[Start of section]
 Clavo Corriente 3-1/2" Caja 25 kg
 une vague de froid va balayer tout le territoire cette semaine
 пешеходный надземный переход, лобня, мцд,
[End of section]
### PROBLEM DETAILS
When you reply, retype each line exactly as it appears above.

### OUTPUT FOR THIS TASK
 Clavo Corriente 3-1/2" Caja 25 kg
 une vague de froid va balayer tout le territoire cette semaine
 пешеходный надземный переход, лобня, мцд,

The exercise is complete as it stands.